OPINION OF THE COURT
White, J.In her complaint in this medical malpractice action stemming from defendants’ prenatal treatment of her, plaintiff alleges that, between November 9, 1982 and November 11, 1982, defendants failed to correctly and properly assess the significance of an ultrasound report and an amniocentesis test and permitted her to proceed beyond full term, thereby causing the infant to be born on November 30, 1982 with severe and permanent injuries. Because plaintiff did not commence this action until November 23, 1992, defendants included two affirmative defenses relating to the Statute of Limitations in their answer. Plaintiff’s motion to strike these defenses was granted by Supreme Court, giving rise to this appeal by defendants.
The Statute of Limitations for a medical malpractice action is 2 Vi years, which may be tolled during a plaintiff’s infancy for a maximum of 10 years from the accrual of the claim (see, CPLR 208, 214-a). As a general rule, a medical malpractice action accrues at the time of the commission of the alleged malpractice subject to the continuous treatment doctrine and foreign object exception (see, Goldsmith v Howmedica, Inc., 67 NY2d 120, 122).

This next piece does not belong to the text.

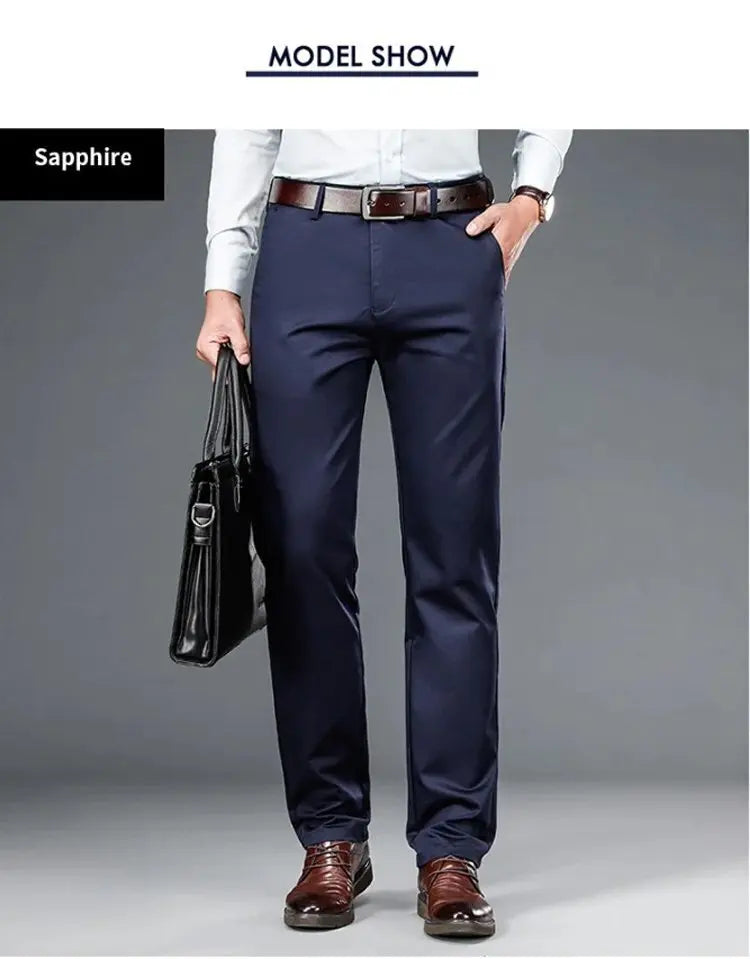 Men's ice silk suit pants Elastic mid-waist baggy trousers Straight business trousers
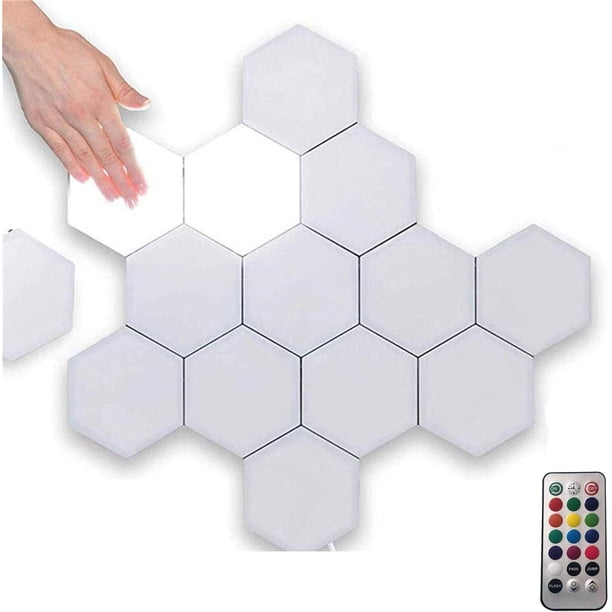 Luz colorida de pared hexagonal con control remoto de 10 piezas, luces sensibles al tacto modulares con alimentación USB, luz nocturna LED de ensamblaje de geometría creativa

Plaintiff would have us create another exception for prenatal injury cases by establishing the date of birth as the accrual date. The rationale for her argument is that a cause of action for prenatal injuries cannot be pursued unless the child is born alive (see, Scott v Capital Area Community Health Plan, 191 AD2d 772, lv denied 82 NY2d 656).
Plaintiff cites no authority supporting her position. In fact, in an analogous medical malpractice case, Jorge v New York *301City Health & Hosps. Corp. (164 AD2d 650, revd on other grounds 79 NY2d 905), arising out of the defendant’s misreading of genetic test results of the child’s father early in the mother’s pregnancy, the First Department noted that Supreme Court was correct in its determination that the cause of action accrued on the date the test result was misread. Likewise, in another prenatal injury case, the cause of action was deemed to have accrued on the date the plaintiff’s physician negligently attributed her illness to food poisoning, rather than to rubella, the First Department holding that a medical malpractice claim accrues on the date of the original act, omission or complained-of failure (see, Branigan v DeBrovner, 197 AD2d 270). We also conclude that plaintiff's cause of action accrued when defendants allegedly misread the test results on November 9, 1982 and November 11, 1982.
We note that our conclusion is in accord with the legislative intent expressed in CPLR 214-a recognizing the continuous treatment doctrine and the foreign object rule as the only exceptions to the general rule regarding the accrual of a medical malpractice cause of action, and courts have been reluctant to broaden the narrow confines of the exceptions contained in CPLR 214-a (see, Rockefeller v Moront, 81 NY2d 560). Moreover, there are no public policy reasons for creating an exception for prenatal injury cases since the infancy toll provision of CPLR 208 provides an injured infant with an ample period of time within which to seek redress.
Even if the Statute of Limitations is tolled under the continuous treatment doctrine to November 30, 1982, the date of the infant’s birth, plaintiff would not benefit since the 10-year infancy toll runs from the date the act of malpractice occurred rather than from the end of the period of continuous treatment (see, Matter of Daniel J. v New York City Health & Hosps. Corp., 77 NY2d 630, 634). Accordingly, we find that Supreme Court should have denied plaintiff’s motion since this action was commenced more than 10 years after the accrual of the cause of action.
In our view the dissent’s reliance on Kronos, Inc. v AVX Corp. (81 NY2d 90) is misplaced because there is nothing therein to indicate that the general proposition that a tort cause of action does not accrue until an injury is sustained or when all the elements of the tort can be truthfully alleged in the complaint overrides the recently reiterated rule that a malpractice cause of action accrues at the time of the commission of the alleged act of malpractice (see, Rockefeller v *302Moront, supra). Moreover, the dissent overlooks the distinction between a cause of action and a right of action, the latter being the legal right to maintain an action based upon a given state of facts or transaction (Black’s Law Dictionary 1190 [5th ed 1979]). The fact that an action for prenatal injuries cannot be pursued unless the infant is born alive is not a substantive element of a malpractice cause of action (see, 5 Carmody-Wait 2d, NY Prac § 29:874, at 391), but rather is a limitation upon the infant’s right to maintain such action. Thus, it has no relevancy to the accrual of plaintiffs cause of action in this case.
For these reasons, Supreme Court should have denied plaintiffs motion seeking to dismiss defendants’ affirmative defenses asserting the Statute of Limitations.